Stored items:
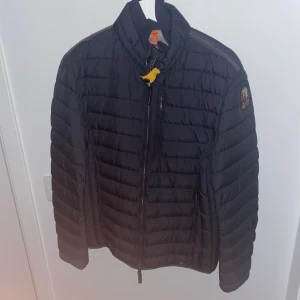 Parajumpers jacka - Inprencip ny Parajumpers dunjacka i storlek medium. Köpt för 4000kr på nk. Mest hängt i garderoben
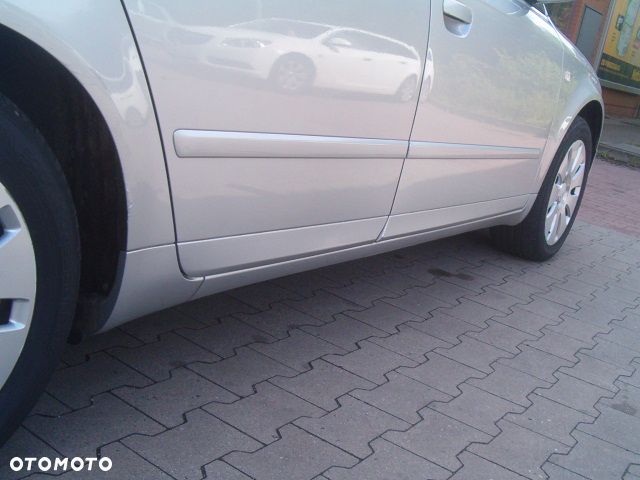 Audi A4 Avant - 15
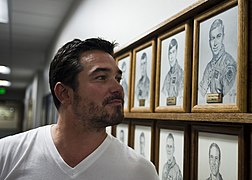 Dean Cain visits Nellis 130802-F-TT327-079.jpg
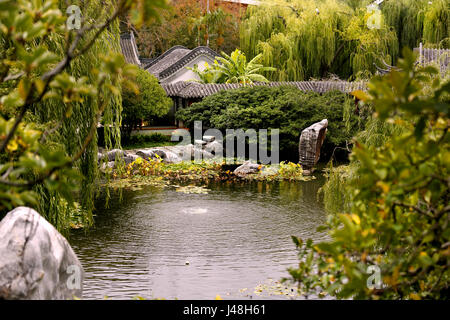 Un étang au 'Jardin Chinois de l'amitié" à Sydney, Australie Banque D'Images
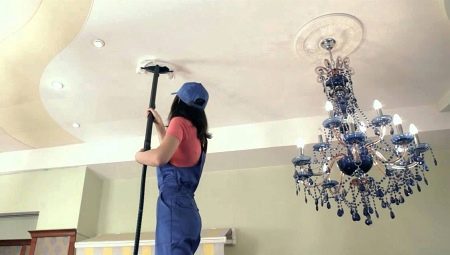 كيفية تنظيف سقف ممتد؟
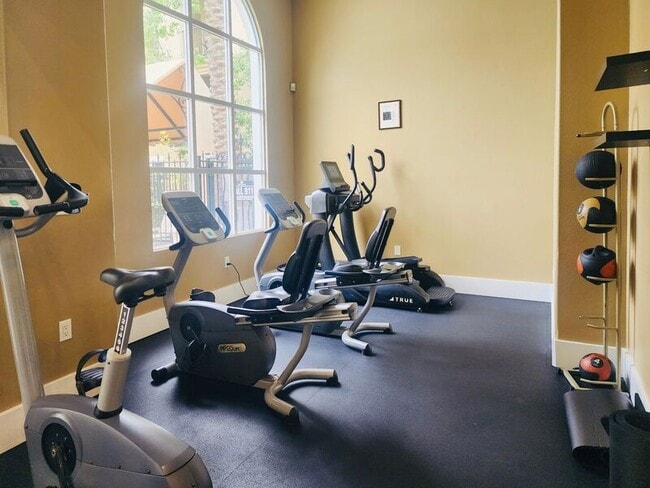 Building Photo - 2463 Watermarke Pl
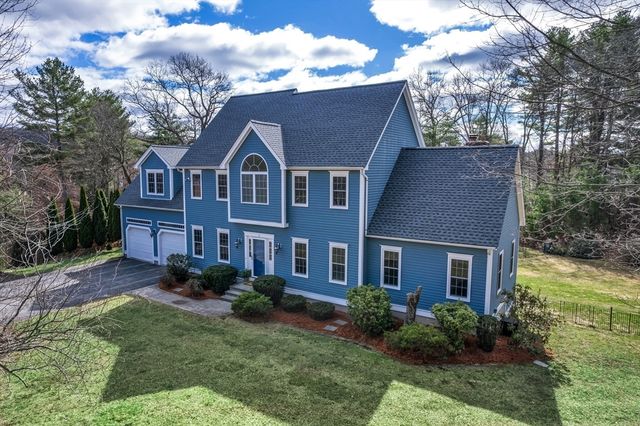 3 Nichols Dr, Grafton, MA 01519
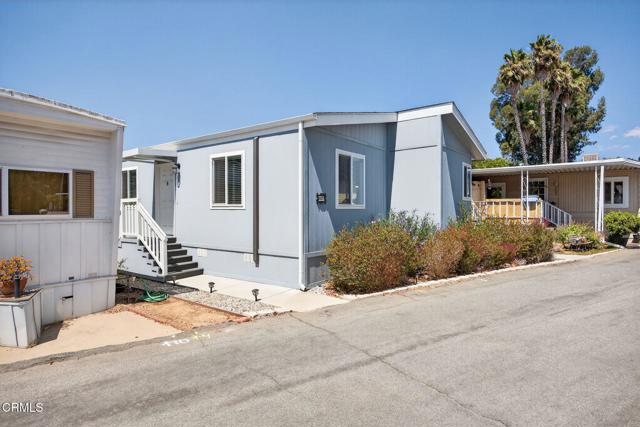 1075 Loma Drive, Ojai CA: https://media.crmls.org/mediaz/36aa9606-7fc5-4f57-8dcd-1db31e520caf.jpg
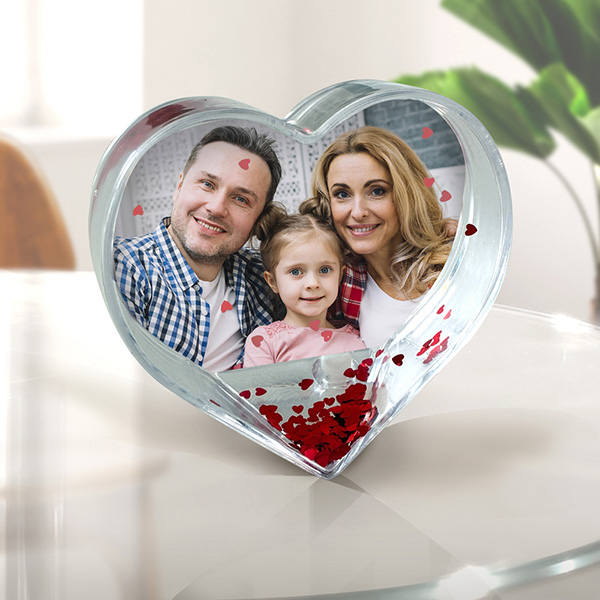 Corazón de Agua con Copos de Corazones y Foto Personalizada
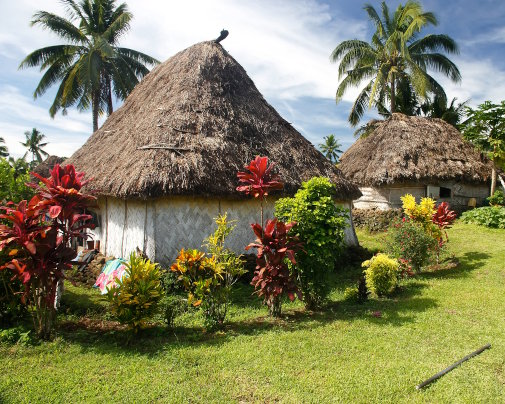 Maisons traditionnelles du village de Navala entourées de végétation tropicale, sur l'île de Viti Levu, aux Fidji Maisons traditionnelles du village de Navala entourées de végétation tropicale, sur l'île de Viti Levu, aux Fidji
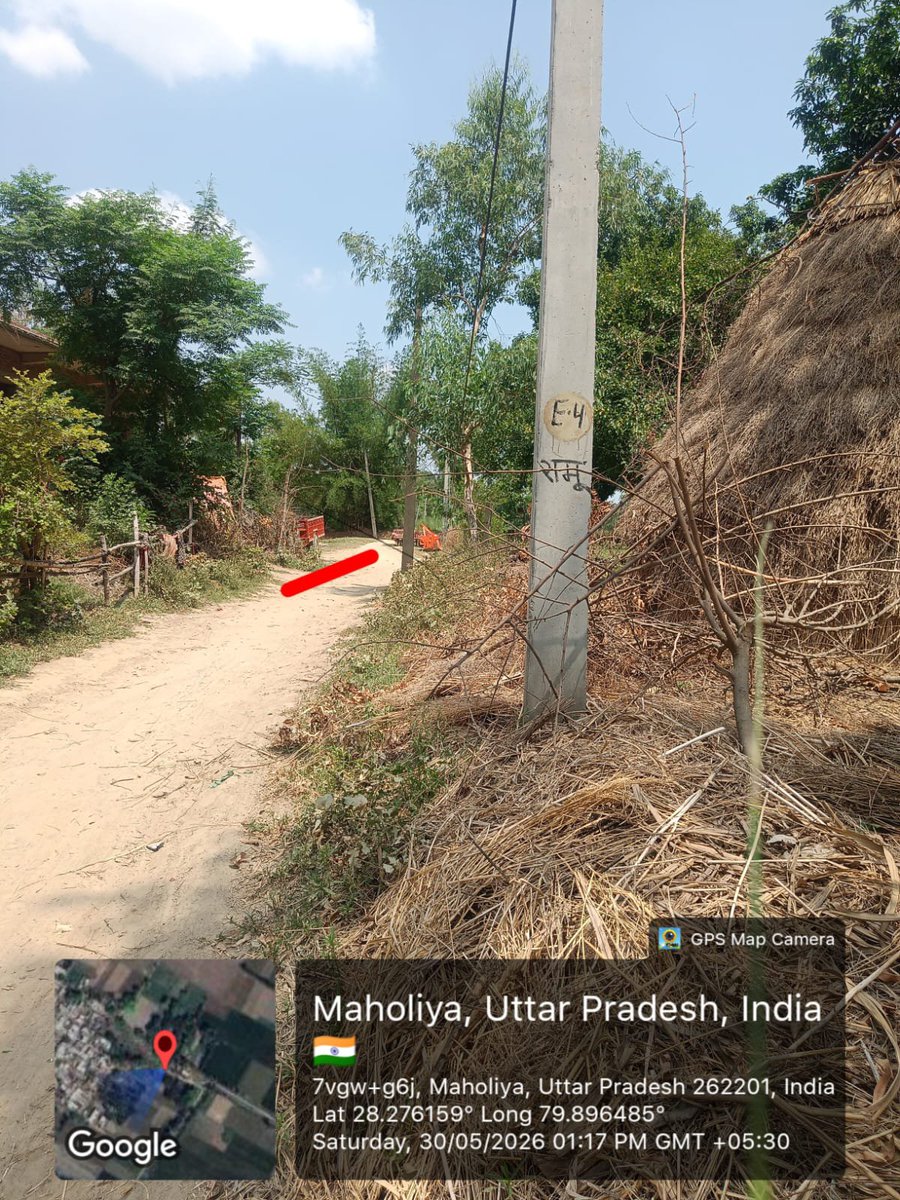 omendra999's tweet photo. @eddbisalpur @UPPCLLKO @MvvnlPilibhit @Dmpilibhit ब्लॉक बिलसंडा ग्राम मोहलिया तहसील बीसलपुर जिला पीलीभीत मोह.63952 10466 जेईई साहब बोले लेखपाल से जमीन की पैमाइश करा लो पैमाइश भी करा ली नीचे फोटो mention है फिर भी तीन खंभों के बीच में बही पोल क्यों बाहर की साईड क्यों है इसी लिय उस पोल पर तार भी नहीं पड़ी है https://t.co/Q7ru7YTmaX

- [To do]:
Take the records above from their first line through the line with "aux Fidji Maisons" and set those lines down word for word, minus the pictures.

- [Task output]:
 Parajumpers jacka - Inprencip ny Parajumpers dunjacka i storlek medium. Köpt för 4000kr på nk. Mest hängt i garderoben
 Audi A4 Avant - 15
 Dean Cain visits Nellis 130802-F-TT327-079.jpg
 Un étang au 'Jardin Chinois de l'amitié" à Sydney, Australie Banque D'Images
 كيفية تنظيف سقف ممتد؟
 Building Photo - 2463 Watermarke Pl
 3 Nichols Dr, Grafton, MA 01519
 1075 Loma Drive, Ojai CA: https://media.crmls.org/mediaz/36aa9606-7fc5-4f57-8dcd-1db31e520caf.jpg
 Corazón de Agua con Copos de Corazones y Foto Personalizada
 Maisons traditionnelles du village de Navala entourées de végétation tropicale, sur l'île de Viti Levu, aux Fidji Maisons traditionnelles du village de Navala entourées de végétation tropicale, sur l'île de Viti Levu, aux Fidji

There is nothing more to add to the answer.